October 26, 2020
When meeting with clients on estate planning matters, I find that generally the place where people get “stuck” on what to do is the common disaster scenario. I often refer to this as the “Disneyland” clause – i.e., what do you do if you and your entire family are on a Christmas trip to Disneyland and the plane goes down?
I typically get one of the following responses from clients regarding the common disaster scenario:
- That would never happen. I do not even want to think about that scenario.
- I guess maybe I would list out my nieces and nephews?
- I will need to do some thinking. Maybe there is a charity I would like to benefit.
Today’s blog post is going to focus on response #3 – charitable donations.
Although some of my clients are already informed on charitable donation tax credits, for the most part I find that the initial intention behind a charitable donation has nothing to do with the potential tax credit. Instead there is usually an emotional connection to a particular cause and the tax credit is merely the “icing on the cake”.
Do you have a qualified charity?
Keep in mind that in order to obtain the tax credit, the charity must be registered with Canada Revenue Agency (“CRA”). In addition, it is key that the charity is correctly named in the testamentary document. In practice, I typically complete a search for the charity on the Government of Canada website: https://apps.cra-arc.gc.ca/ebci/hacc/srch/pub/dsplyBscSrch?request_locale=en. In the Will itself, I will ensure to use the formal registered name of the charity, and I typically include the charitable registration number for ease of identification.

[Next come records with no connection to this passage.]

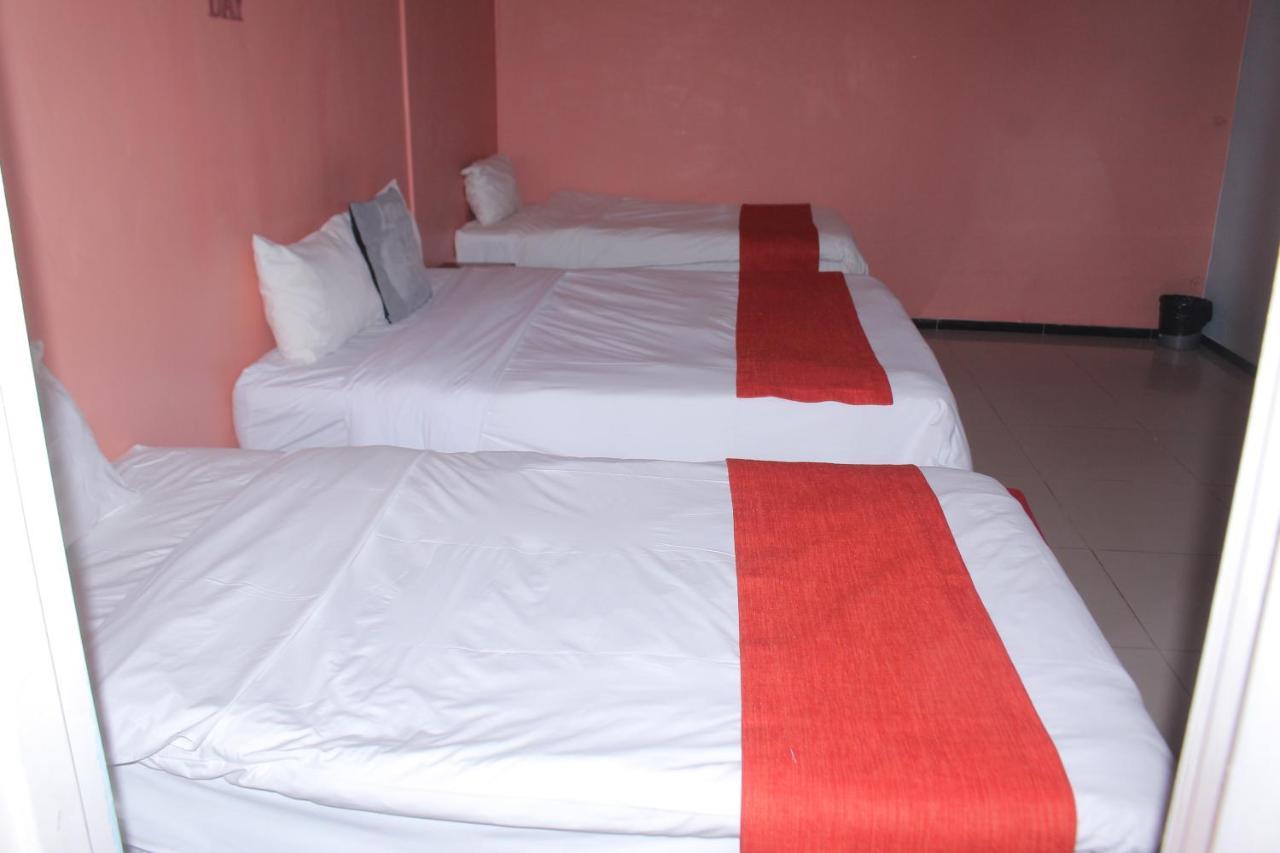 Global Guest House คาซาเนอ ภายนอก รูปภาพ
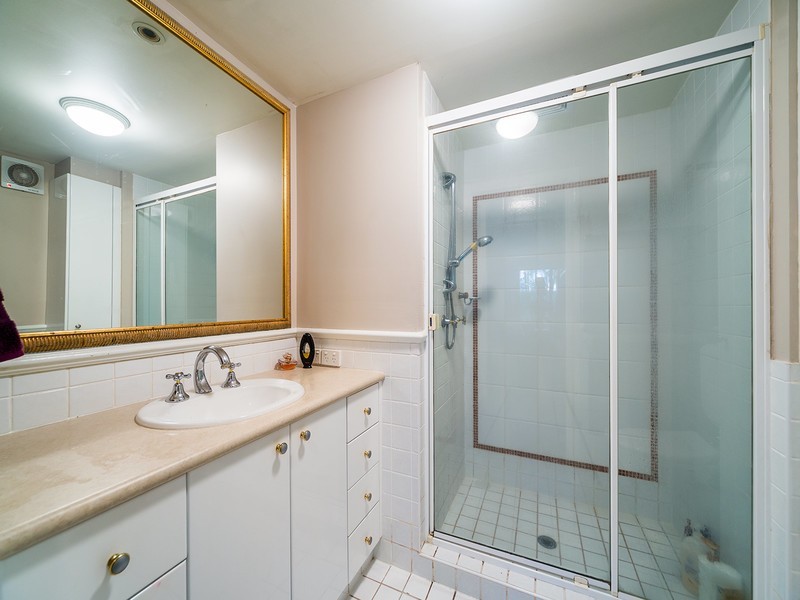 1/100 Cotlew Street East, Southport QLD 4215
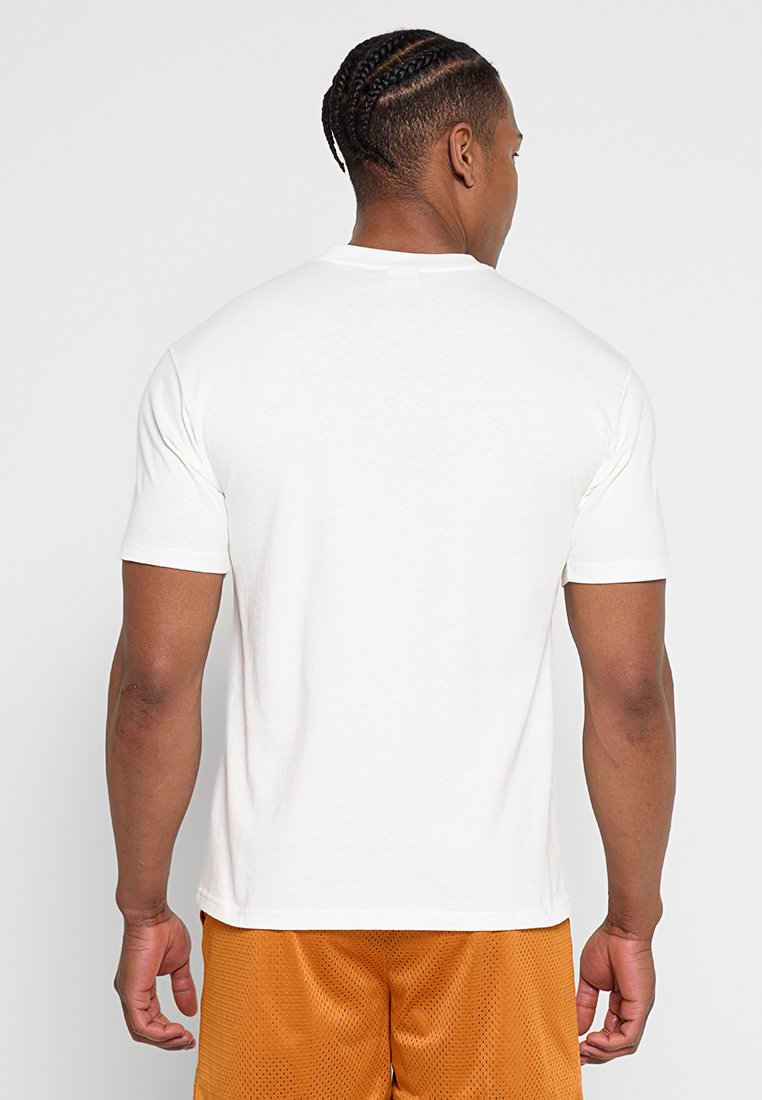 Nike Performance
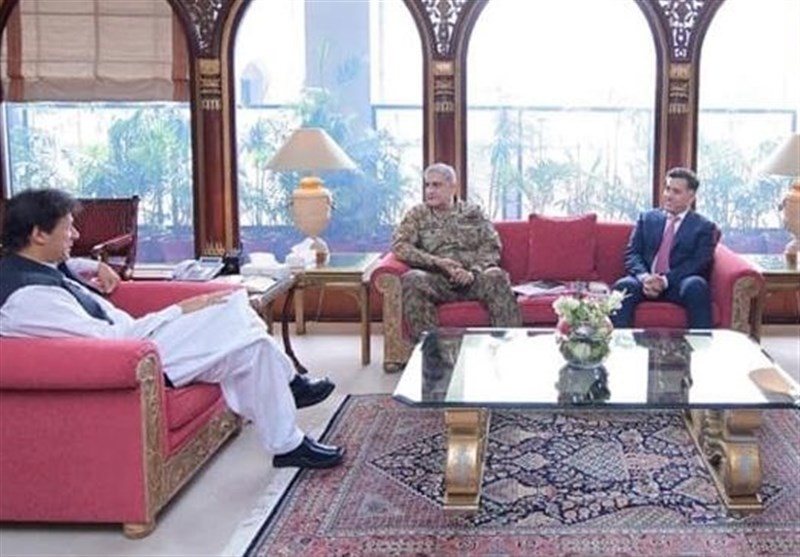 دیدار عمران‌خان با فرماندهان ارتش و سازمان اطلاعات پاکستان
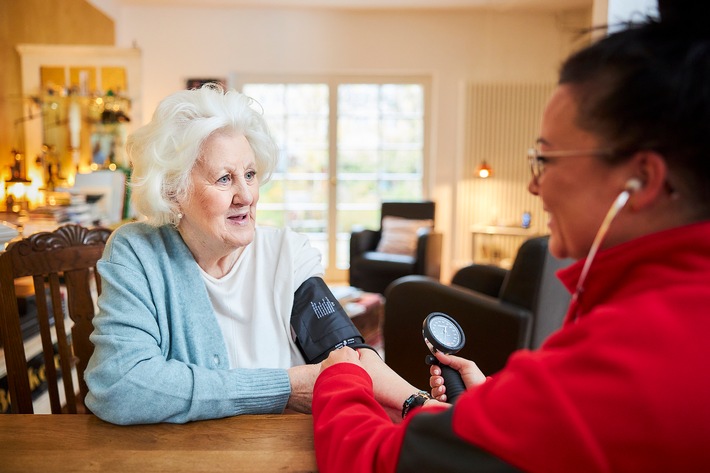 Johanniter fordern mehr Kompetenzen für Pflegekräfte / Johanniter sprechen sich am Tag der Pflege für eine schnelle Umsetzung des geplanten Pflegekompetenzgesetzes aus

There are some circumstances where the client wishes to leave funds for a quasi-charitable purpose (i.e., for a project to be completed by a municipal board) that will not qualify for a donation tax credit. This is perfectly acceptable – as long as the client understands that the donation will not result in a tax credit.
When can the tax credit be claimed?
For persons who died after 2016, donations made pursuant to a will (or designated in a financial instrument such as an RRSP, RRIF, TFSA and/or life insurance policy) will be deemed to be made by the estate at the time the property is transferred to the charity. There is flexibility within the estate as to when/how the donation is allocated.
If the donation is made within 60 months of the death, the donation may be claimed in: (1) the final tax return of the deceased; (2) the tax return of the deceased prior to the year of death; or (3) the tax return of the deceased for the year when the transfer to the charity was made.
If the donation is made within 36 months of death, the donation can be claimed in any of the above-noted circumstances, or in any prior tax year of the estate.
Thanks to one of my readers for asking me to address “in-kind” donations!
Sometimes, instead of leaving a specific sum of money to a charity, a person wants to leave a non-cash gift. For example, if someone donated a piece of art, shares of a public corporation or a car to the charity. We typically refer to this as leaving a gift “in-kind”. Although this is perfectly legitimate, it can sometimes create some hurdles on valuation.
In order for CRA to issue a charitable donation receipt, it needs to be able to verify the amount of the gift. This is easy to do when the gift is money. However, it is slightly more difficult when the gift is an asset. The onus is on the charity to ensure that it has accurate information about the fair market value of the gift, and that the correct amount is listed on the charitable donation receipt. For more information on valuing in-kind gifts, please see this information bulletin from CRA: https://www.canada.ca/en/revenue-agency/services/charities-giving/charities/operating-a-registered-charity/issuing-receipts/determining-fair-market-value-gifts-kind-non-cash-gifts.html. CRA suggests that if the value of the gift is over $1,000, a formal appraisal should be obtained.
How do I choose a charity?
Occasionally, a client will not know what charity they wish to benefit and will ask me to be a part of the brainstorming process. In this instance, I will usually have the client list off all the things that are important to them in their life and I write it down on a white piece of paper. This will include educational pursuits, hobbies, past life obstacles, current things they are passionate about. Once we have a full list, we can group the items into categories. Then, I typically ask the following question:
“If you could choose, would you prefer to help someone locally,
or would you prefer for your gift to have a broader/global impact?”
The Government of Canada charitable registration site is a great source of information about potential options. I usually encourage clients to spend some time completing research on the options available to them prior to deciding. Keep in mind that you can name more than one charity. In addition, if the client has a very specific wish as to what the money would be used for, I usually encourage the client to reach out to the charity to find out if the charity would be amenable. Some charities provide the ability for the client to fill out internal documentation in advance which sets out specific wishes/intentions for the gift.